_Exercise aim_.
Reproduce the opening lines of the records exactly, please, stopping after the line that contains "Page 4 of Fukuyama-san 6 - preview thumbnail".

-- Records for this exercise follows --

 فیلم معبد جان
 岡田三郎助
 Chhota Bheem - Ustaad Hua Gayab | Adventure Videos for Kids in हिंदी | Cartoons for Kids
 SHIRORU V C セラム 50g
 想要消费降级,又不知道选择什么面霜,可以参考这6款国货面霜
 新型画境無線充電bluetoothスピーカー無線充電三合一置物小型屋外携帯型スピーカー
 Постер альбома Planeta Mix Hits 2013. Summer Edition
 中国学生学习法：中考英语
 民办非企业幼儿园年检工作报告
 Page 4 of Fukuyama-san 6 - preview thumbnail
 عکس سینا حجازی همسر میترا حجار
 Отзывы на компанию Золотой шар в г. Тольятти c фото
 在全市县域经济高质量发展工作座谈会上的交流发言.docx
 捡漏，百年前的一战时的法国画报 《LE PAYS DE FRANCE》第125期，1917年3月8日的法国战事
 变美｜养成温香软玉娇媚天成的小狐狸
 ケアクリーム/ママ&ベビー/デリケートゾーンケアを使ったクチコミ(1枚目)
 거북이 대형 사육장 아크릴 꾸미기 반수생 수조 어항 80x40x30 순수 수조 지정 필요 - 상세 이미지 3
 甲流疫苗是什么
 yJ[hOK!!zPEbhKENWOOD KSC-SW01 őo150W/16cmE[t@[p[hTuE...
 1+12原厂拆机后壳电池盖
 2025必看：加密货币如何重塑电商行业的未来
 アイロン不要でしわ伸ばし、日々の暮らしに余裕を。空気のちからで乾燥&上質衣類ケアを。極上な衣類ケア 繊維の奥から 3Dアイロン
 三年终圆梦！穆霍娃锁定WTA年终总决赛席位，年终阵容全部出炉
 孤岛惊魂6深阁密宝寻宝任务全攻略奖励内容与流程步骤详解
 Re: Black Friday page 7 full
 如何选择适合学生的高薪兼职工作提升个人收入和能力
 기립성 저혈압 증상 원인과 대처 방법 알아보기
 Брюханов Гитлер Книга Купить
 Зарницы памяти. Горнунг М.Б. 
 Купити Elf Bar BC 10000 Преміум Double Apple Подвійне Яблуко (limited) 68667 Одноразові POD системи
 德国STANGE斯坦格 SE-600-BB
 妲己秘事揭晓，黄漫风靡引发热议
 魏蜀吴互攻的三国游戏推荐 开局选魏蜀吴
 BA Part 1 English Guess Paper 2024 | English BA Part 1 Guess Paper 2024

-- Records for this exercise concluded --

_Solution for this task_.
 فیلم معبد جان
 岡田三郎助
 Chhota Bheem - Ustaad Hua Gayab | Adventure Videos for Kids in हिंदी | Cartoons for Kids
 SHIRORU V C セラム 50g
 想要消费降级,又不知道选择什么面霜,可以参考这6款国货面霜
 新型画境無線充電bluetoothスピーカー無線充電三合一置物小型屋外携帯型スピーカー
 Постер альбома Planeta Mix Hits 2013. Summer Edition
 中国学生学习法：中考英语
 民办非企业幼儿园年检工作报告
 Page 4 of Fukuyama-san 6 - preview thumbnail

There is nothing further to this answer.